◆ Work required
I'd like the data beneath this line reproduced exactly, without any of its images.

◆ Stored data
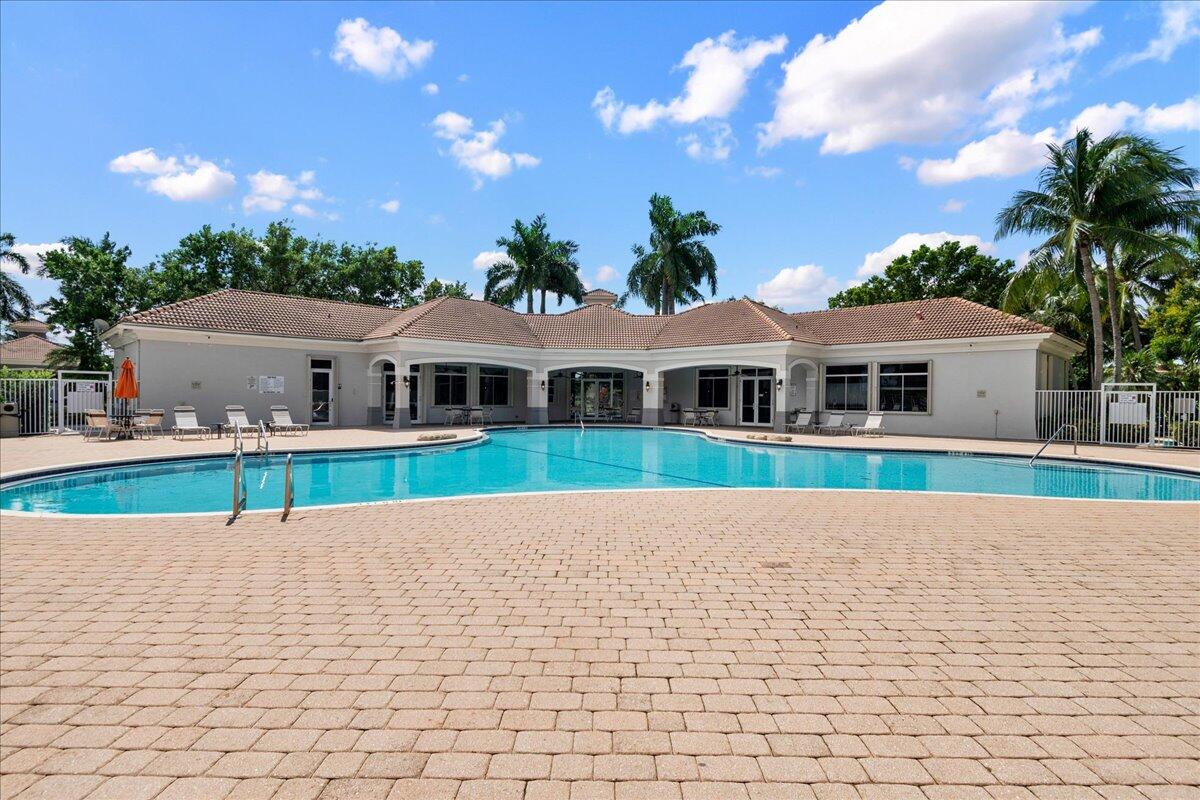 NORTH COUNTY PUD 2 - Residential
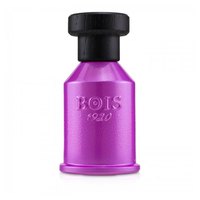 bois-1920-notturno-fiorentino-50ml-parfum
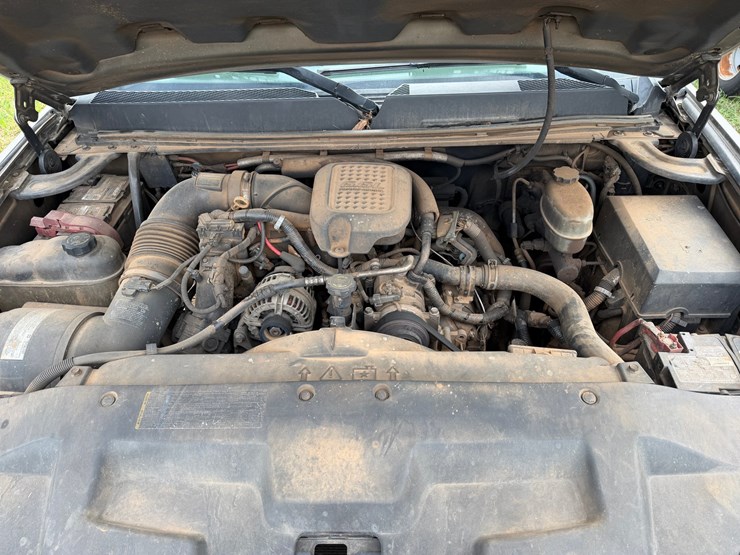 #520-•-2008-gmc-pickup-4wd-image-15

◆ Output for this exercise
 NORTH COUNTY PUD 2 - Residential
 bois-1920-notturno-fiorentino-50ml-parfum
 #520-•-2008-gmc-pickup-4wd-image-15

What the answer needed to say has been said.